What is already known
The prevalence of inflammatory bowel diseases (IBD) is on the rise, and there are no existing treatments that are effective for all patients. Anti-inflammatory drugs and immunosuppressive treatments can ease some of the condition’s symptoms, but up to 40% of people with moderate or severe disease fail to respond to therapy.
What this research adds
Researchers generated several compounds that inhibit the enzyme that becomes unusually active in the colon of people with Crohn’s disease or ulcerative colitis. Among these compounds, the team identified one called (S)-IBD3540, which reduced inflammation in the colon of mice with colitis. The compound also restored the animals’ normal colon structure, and it protected human colon cells grown in a dish from oxidative stress.
The findings suggest that (S)-IBD3540 is a promising approach for treating IBD in people.
The prevalence of inflammatory bowel diseases (IBD) is on the rise, and there are no existing treatments that are effective for all patients. Now, researchers have identified an inhibitor of the enzyme that becomes unusually active in the colon of people with IBD. When given to mice with colitis, the compound reduced inflammation in the colon and restored the animals’ normal colon structure.
The findings, published in Science Translational Medicine, suggest that the compound is a promising approach for treating IBD in people.
“The idea that we’ve discovered a brand new therapeutic target and successfully developed a well-tolerated and efficacious pill to inhibit the target is really exciting,” says study senior author Barbara Slusher at Johns Hopkins University School of Medicine in Baltimore, Maryland.
Although anti-inflammatory drugs and immunosuppressive treatments can ease some of IBD’s symptoms, up to 40% of people with moderate or severe disease fail to respond to therapy.
An enzyme called glutamate carboxypeptidase II, or GCPII, has emerged as a promising therapeutic target in IBD. The enzyme is up-regulated in people with Crohn’s disease or ulcerative colitis as well as in mouse models of the condition.
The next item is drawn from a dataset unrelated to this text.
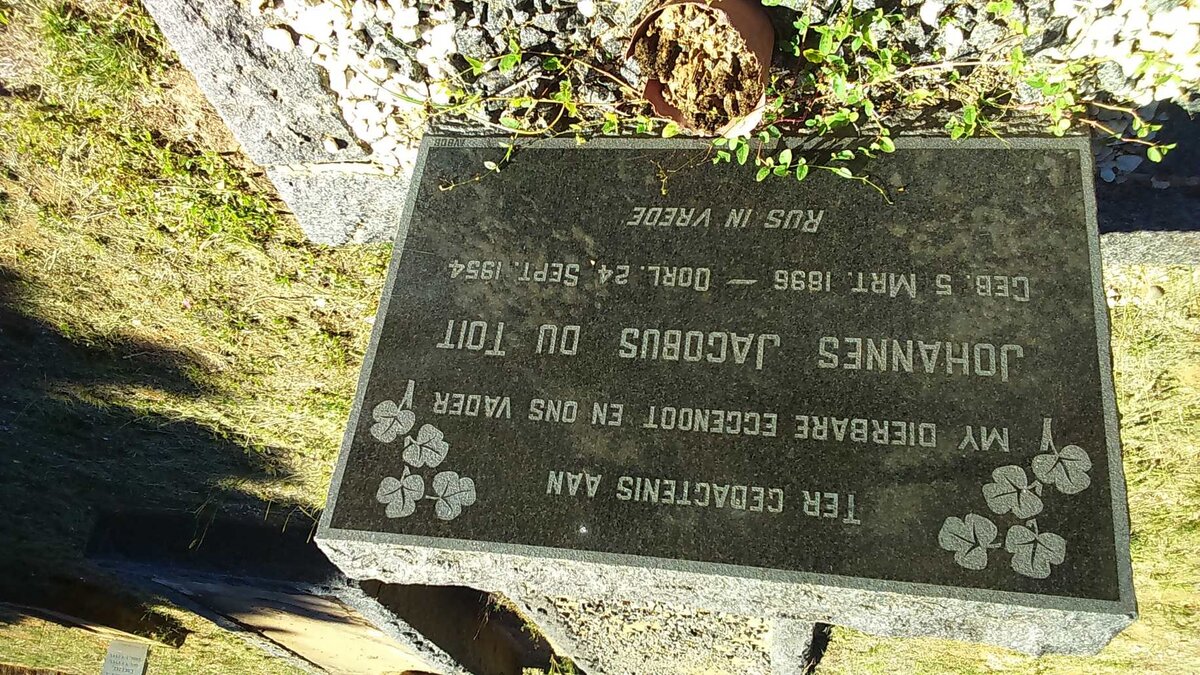 TOIT Johannes Jacobus, du 1896-1954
So, Slusher and her team set out to generate several compounds that inhibit GCPII.
The researchers screened three of the compounds generated in a mouse model of acute colitis. Each compound was given to mice orally once a day. Of the compounds, only one — called (S)-IBD3540 — reduced inflammation in the mice’s colon.
(S)-IBD3540 inhibited about 75% of GCPII activity in the colon, and showed improved efficacy compared with drugs that are currently used to treat Crohn’s disease and ulcerative colitis.
Mice treated with (S)-IBD3540 had improved stool consistency and less rectal bleeding, the researchers found. The team designed (S)-IBD3540 to stay in the gut — a feature that should improve its safety and lower the risk of exposure to the rest of the body when given orally. Indeed, treated mice showed no apparent adverse side effects.
Towards the clinic
Next, the researchers tested (S)-IBD3540 on ‘mini-guts’ grown in a lab dish from patient biopsy tissues. The compound protected human colon cells from oxidative stress and reinforced the integrity of the barrier typically formed by these cells.
“This is the first demonstration of an oral GCPII inhibitor protecting gut function,” says lead investigator Diane Peters. “(S)-IBD3540’s efficacy in mice and human pre-clinical models, with no evidence of toxicity, is highly encouraging.”
Further studies are in progress to facilitate the translation of (S)-IBD3540 to the first trials in humans, the authors say.